Was anyone aware that prog-bluegrass-folk existed? And that it could be pulled off not just competently, but thrillingly? Neither was I until I gave The Phosphorescent Blues, Punch Brothers’ fourth album, a spin. A 10-minute opener may not be what most would expect from a bluegrass group, yet this is a band who have written several epic tracks, and performed songs ranging from Radiohead to Bach to the Carter family. In other words, complexity should be a given.

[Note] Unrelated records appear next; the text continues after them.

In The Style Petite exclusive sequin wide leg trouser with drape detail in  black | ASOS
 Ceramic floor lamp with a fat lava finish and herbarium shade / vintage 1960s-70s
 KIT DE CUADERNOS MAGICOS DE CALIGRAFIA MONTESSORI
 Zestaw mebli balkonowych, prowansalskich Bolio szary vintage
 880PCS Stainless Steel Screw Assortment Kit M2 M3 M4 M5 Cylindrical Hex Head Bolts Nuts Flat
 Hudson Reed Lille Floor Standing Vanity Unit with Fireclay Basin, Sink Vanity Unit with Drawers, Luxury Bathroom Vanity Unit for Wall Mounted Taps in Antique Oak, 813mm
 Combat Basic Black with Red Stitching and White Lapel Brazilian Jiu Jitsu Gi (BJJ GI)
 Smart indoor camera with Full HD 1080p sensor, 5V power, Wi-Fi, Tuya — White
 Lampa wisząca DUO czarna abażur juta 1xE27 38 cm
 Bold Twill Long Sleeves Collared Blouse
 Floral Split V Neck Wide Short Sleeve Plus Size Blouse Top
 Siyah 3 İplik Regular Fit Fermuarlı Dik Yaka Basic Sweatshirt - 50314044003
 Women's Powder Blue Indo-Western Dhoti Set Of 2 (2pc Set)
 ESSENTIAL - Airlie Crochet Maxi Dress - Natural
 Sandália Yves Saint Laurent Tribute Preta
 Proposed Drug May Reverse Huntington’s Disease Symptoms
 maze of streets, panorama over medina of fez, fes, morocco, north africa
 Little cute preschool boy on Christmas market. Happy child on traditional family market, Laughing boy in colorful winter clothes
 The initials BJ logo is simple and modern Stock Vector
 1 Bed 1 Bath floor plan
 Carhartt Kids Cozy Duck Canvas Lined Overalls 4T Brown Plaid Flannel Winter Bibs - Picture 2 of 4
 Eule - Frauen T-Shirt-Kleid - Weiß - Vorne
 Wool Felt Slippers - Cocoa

‘Familiarity’ may be an odd title for such a rampaging open-ended beginning but it is arguably the finest track on the record. It ebbs and flows, rises and falls and manages to take the listener all the way with it. It is also just a taster for an album full of surprising left-turns, not all of which are successful. There are nods to Debussy and Scriabin and Punch Brothers are comfortable turning their hand to all matters. The problem is the complexity becomes overbearing and can end up making this a testing, rather than intriguing, listen.
That complexity means the pop sensibilities of songs like ‘Magnet’ and ‘Between 1st and A’ come as a fine relief but also hint that the band may be failing to play to an obvious strength. Not that ambition should ever be criticised. Yes, this is uneven in places and something of a sprawl to get through, but it is a bracing, energising listen and some of the flaws are overshadowed by the manic energy and virtuosity on show.
T-Bone Burnett’s production deserves credit too. It is bright and crisp and brings out the energy and verve in these performances. One has to admire a band so restless, unwilling to sit still and play by numbers, and this is unquestionably a fine album. But you cannot help but wonder if a tighter focus would have made The Phosphorescent Blues the career-defining work it could have been.